EXERCISE BRIEF. Give back, word for word, the line that contains "Rynek pierwotny - Apartament" and all lines after it in the material, through the last; please include only these.

RECORDED INFORMATION.
________________

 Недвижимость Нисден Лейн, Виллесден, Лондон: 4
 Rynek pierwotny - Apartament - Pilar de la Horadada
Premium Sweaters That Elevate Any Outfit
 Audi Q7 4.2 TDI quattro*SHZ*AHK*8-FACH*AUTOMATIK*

________________

FINISHED TASK.
 Rynek pierwotny - Apartament - Pilar de la Horadada
Premium Sweaters That Elevate Any Outfit
 Audi Q7 4.2 TDI quattro*SHZ*AHK*8-FACH*AUTOMATIK*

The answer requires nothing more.